TASK TO CARRY OUT >>
The exact lines of the listing, from its first through the line that contains "Were you already", are to make up the answer, and pictures are to be left out.

DATA >>
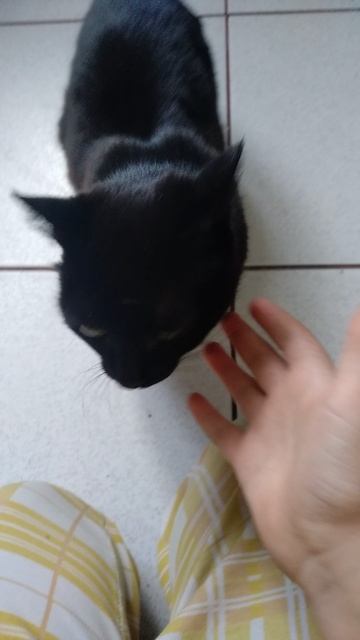 муся смотреть онлайн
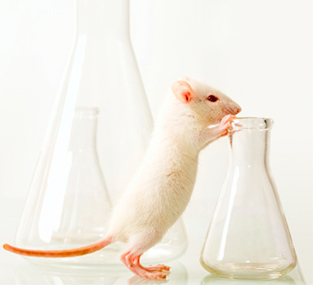 lab mouse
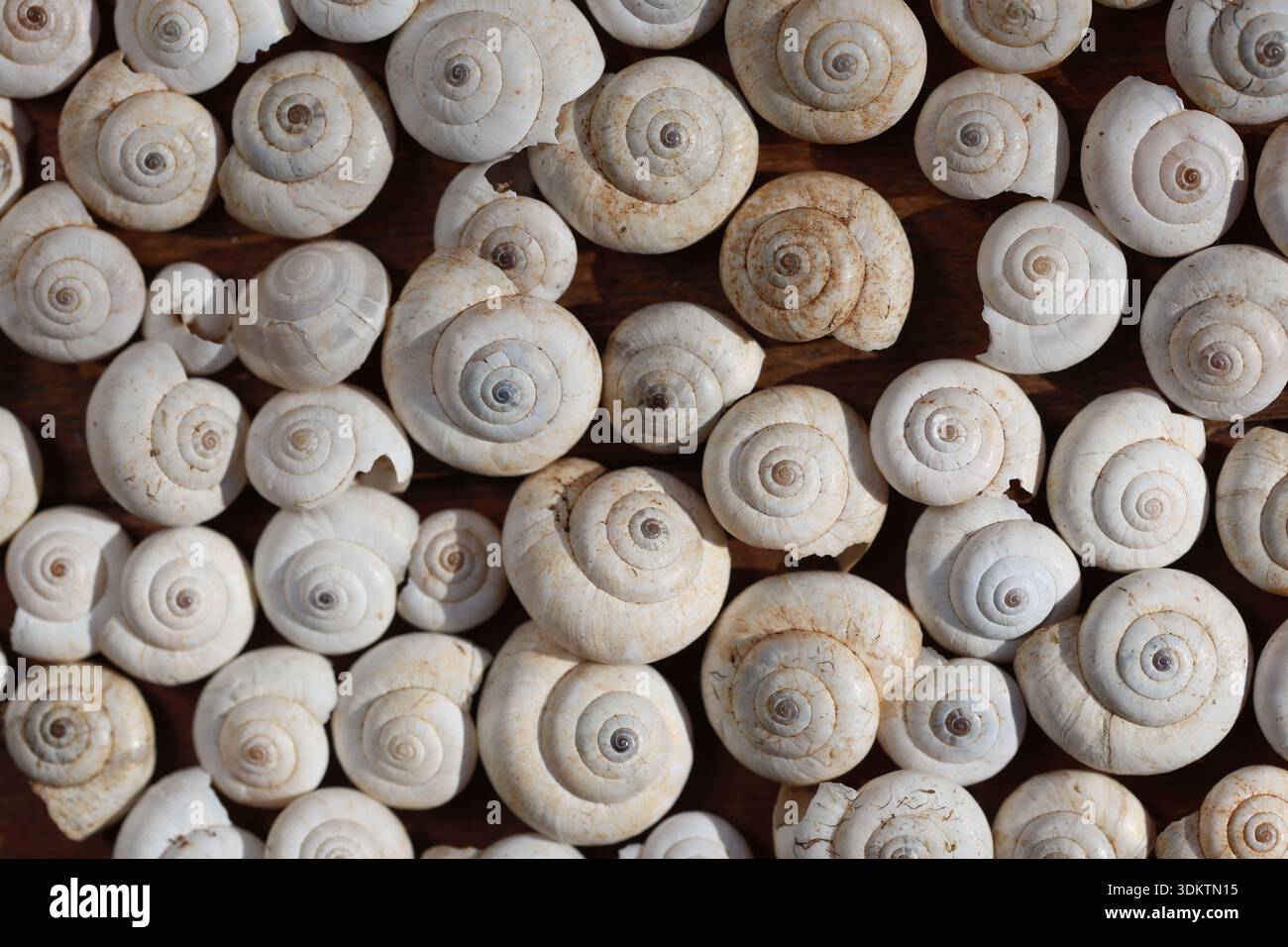 Viele kleine weiße Spiralschnecken Muster: Nahaufnahme des Hintergrunds der leeren Schneckenschnecken, die Natur- und Küstenelemente darstellen Stockfoto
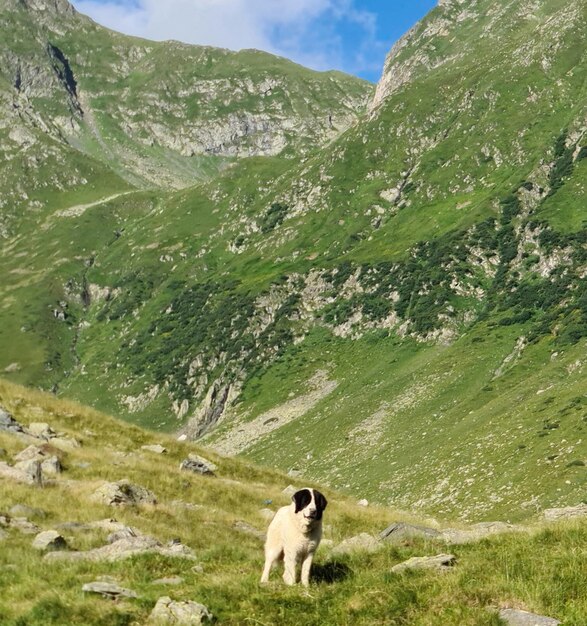 Un perro parado en una colina cubierta de hierba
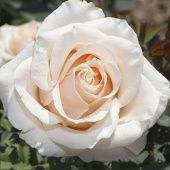 Роза Талея Чайно-гибридная (Садовита)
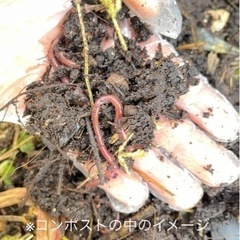 ミミズコンポスト用シマミミズ50匹（送料込み）の画像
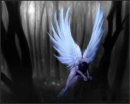 Black-and-White with Blue Angel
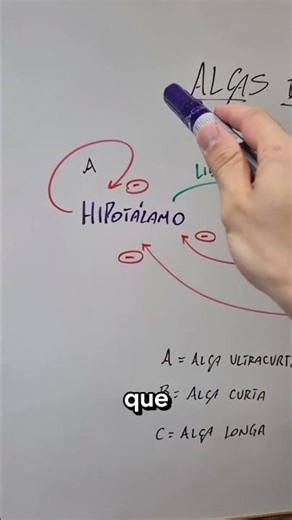 Were you already familiar with hormonal feedback loops? #endocrinology #physiology #medicalstudent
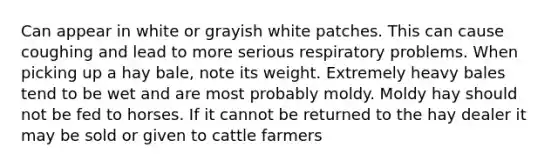 Can appear in white or grayish white patches. This can cause coughing and lead to more serious respiratory problems. When picking up a hay bale, note its weight. Extremely heavy bales tend to be wet and are most probably moldy. Moldy hay should not be fed to horses. If it cannot be returned to the hay dealer it may be sold or given to cattle farmers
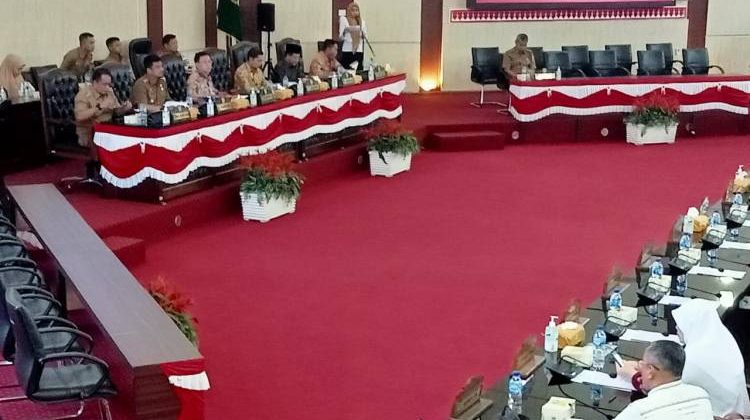 Wakil Ketua Fraksi PDI Perjuangan DPRD Medan Margaret MS menyampaikan, fraksinya menerima dan menyetujui Ranperda Kota Medan tentang Inovasi Daerah ditetapkan menjadi Peraturan Daerah (Perda) Tahun 2023.(Foto:www.informasiterpercaya.com)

FINAL ANSWER >>
 муся смотреть онлайн
 lab mouse
 Viele kleine weiße Spiralschnecken Muster: Nahaufnahme des Hintergrunds der leeren Schneckenschnecken, die Natur- und Küstenelemente darstellen Stockfoto
 Un perro parado en una colina cubierta de hierba
 Роза Талея Чайно-гибридная (Садовита)
 ミミズコンポスト用シマミミズ50匹（送料込み）の画像
 Black-and-White with Blue Angel
 Were you already familiar with hormonal feedback loops? #endocrinology #physiology #medicalstudent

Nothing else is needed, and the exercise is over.